Over the summer, Arie Croitoru and myself took part in the George Mason University Aspiring Scientists Summer Internship Program. We worked with three very talented high-school students who over the course of the seven and a half week program produced some excellent research around the areas of agent-based modeling and social media analysis. An overview of their work can be seen in the posters and abstracts that the students produced at the end of the internship.
Lawrence Wang explored how social media could be used with respect to predicting election results under a project entitled "And the Winner Is? Predicting Election Results using Social Media". Below you can read Lawrence's abstract and see his poster.
"The 2012 U.S. presidential election demonstrated how Twitter can serve as a widely accessible forum of political discourse. Recently, researchers have investigated whether social media, particularly Twitter, can function as a predictive tool. In the past decade, multiple studies have claimed to successfully predict the results of elections using Twitter data. However, many of these studies fail to account for the inherent population bias present in Twitter data, leading to ungeneralizable results. In this project, I investigate the prospects of using Twitter data as an alternative to poll data for predicting the 2012 presidential election. The tweet corpus consisted of tweets published one month before the November election day. Using VADER, a sentiment analysis tool, I analyzed over 140,000 tweets for political sentiment. I attempted to circumvent the Twitter population bias by comparing age, race, and gender metrics of the Twitter population with that of the U.S. population. Furthermore, I utilized Bayesian inference with prior distributions from the results of the 2008 presidential election in order to mitigate the effects of limited tweet data in certain states. The resulting model correctly predicted the likely outcomes of 46 of the 50 states and predicted that President Obama would be reelected with a probability of 0.945. Such a model could be used to explore the forthcoming elections. "

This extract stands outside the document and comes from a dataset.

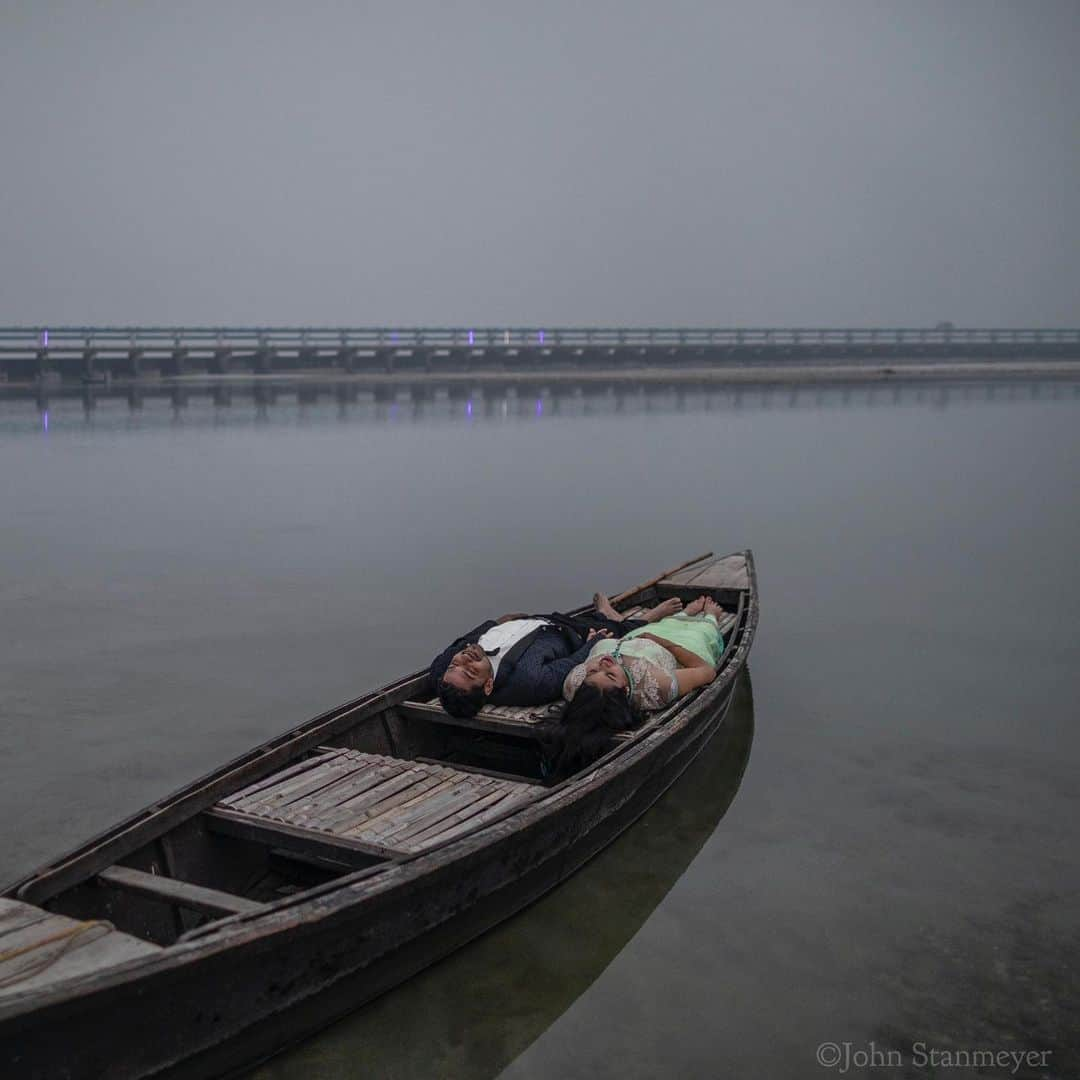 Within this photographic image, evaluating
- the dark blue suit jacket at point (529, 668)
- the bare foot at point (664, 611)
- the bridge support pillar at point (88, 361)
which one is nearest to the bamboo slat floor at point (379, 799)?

In a second project, Varun Talwar, explored how knowledge bases could be utilized to better contextualize social media discussions with a project entitled "Context Graphs: A Knowledge-Driven Model for Contextualizing Twitter Discourse." Below you can read Varun's project abstract and his end of project poster.
"Introduction: User posted content through online social media (SM) platforms in recent years has emerged as a rich field for narrative analysis of topics captured during the discussion discourse. In particular, collective discourse has been used to manually contextualize public perception of health related events.

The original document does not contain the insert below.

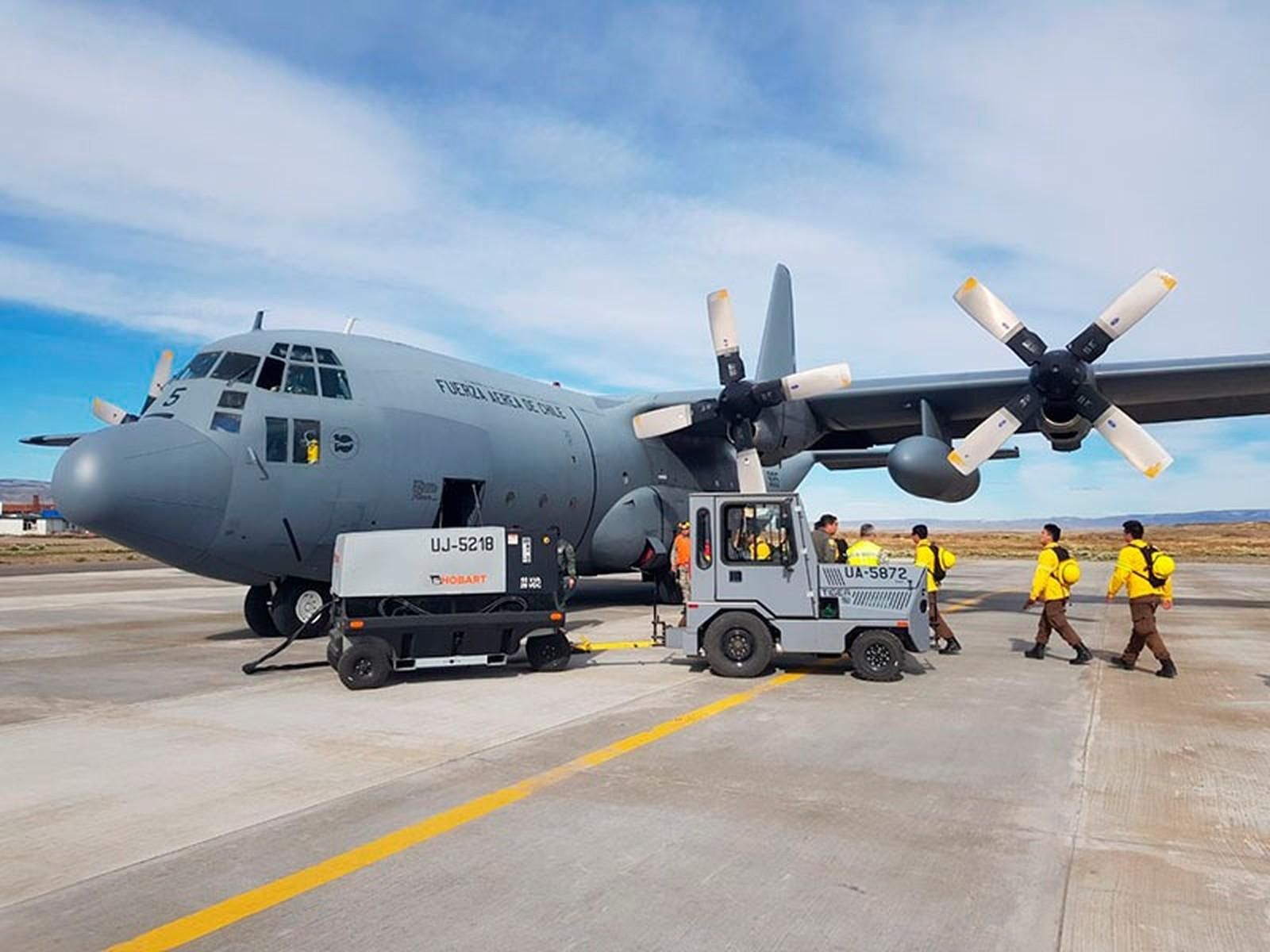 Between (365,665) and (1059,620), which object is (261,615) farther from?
(1059,620)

Objective: As SM feeds tend to be noisy, automated detection of the context of a given SM discourse stream has proven to be a challenging task. The primary objective of this research is to explore how existing knowledge bases could be utilized to better contextualize SM discussions through topic modeling and mining. By utilizing such existing knowledge it would then be possible to explore to what extent a given discourse is related to a known or a new context, as well as compare and contrast SM discussions through their respective contexts.
Methods: In order to accomplish these goals this research proposes a novel approach for contextualizing SM discourse. In this approach, topic modeling is combined with a knowledgebase in a two-step process. First, key topics are extracted from a SM data corpus by applying a statistical topic-modeling algorithm, a process that also results in data dimensionality reduction. Once a set of salient topics are extracted, each topic is then used to mine the knowledge base for sub graphs that represent the contextual linkages between knowledge elements. Such sub-graphs can then further disambiguate the topic modeling results, and be utilized for qualifying context similarity across SM discussions.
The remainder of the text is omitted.